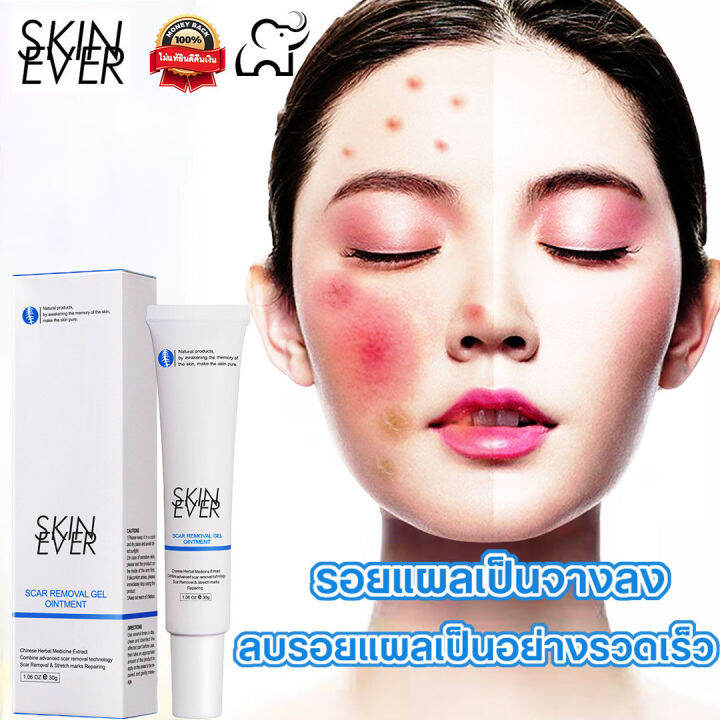 silky-intact-skin-ever-cream-remove-scar-cream-moisten-scar-formula-safe-denigrate-denigrate-skin-scar-repair-scar-from-mosquito-bite-รอยแผล-is-herbal-slimming-cream-repair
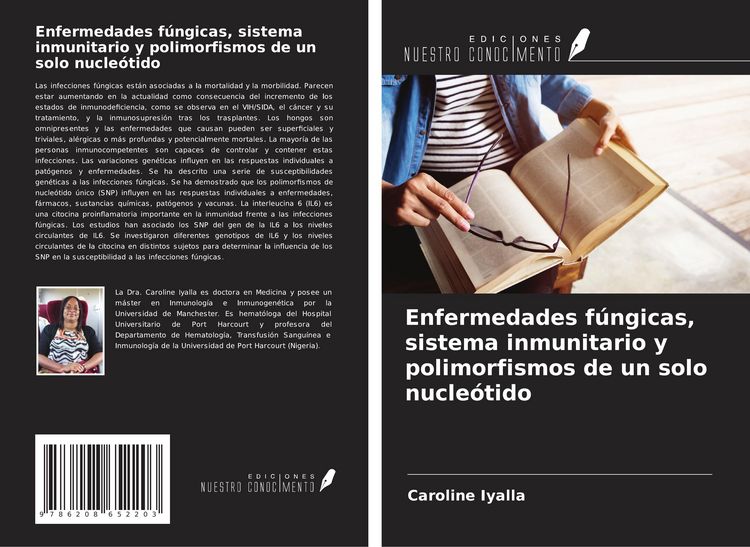 Produktbild: Enfermedades f&uacute;ngicas, sistema inmunitario y polimorfismos de un solo nucle&oacute;tido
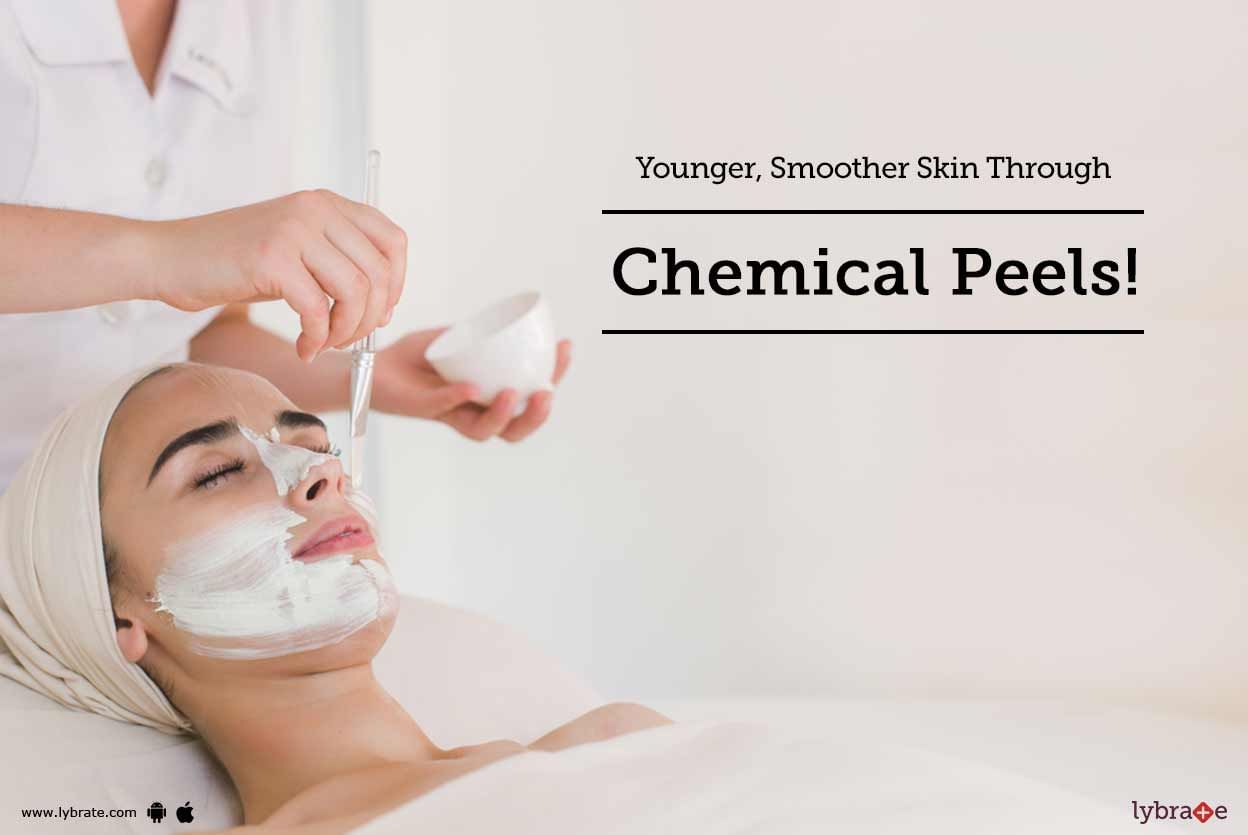 Younger, Smoother Skin Through Chemical Peels!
- - - - - - -
## What is expected
Emit the lines of the data above from the one containing "Produktbild: Enfermedades f&uacute;ngicas, sistema" through its final line, both endpoints included. Pictures do not belong in the output.

## Answer below
 Produktbild: Enfermedades f&uacute;ngicas, sistema inmunitario y polimorfismos de un solo nucle&oacute;tido
 Younger, Smoother Skin Through Chemical Peels!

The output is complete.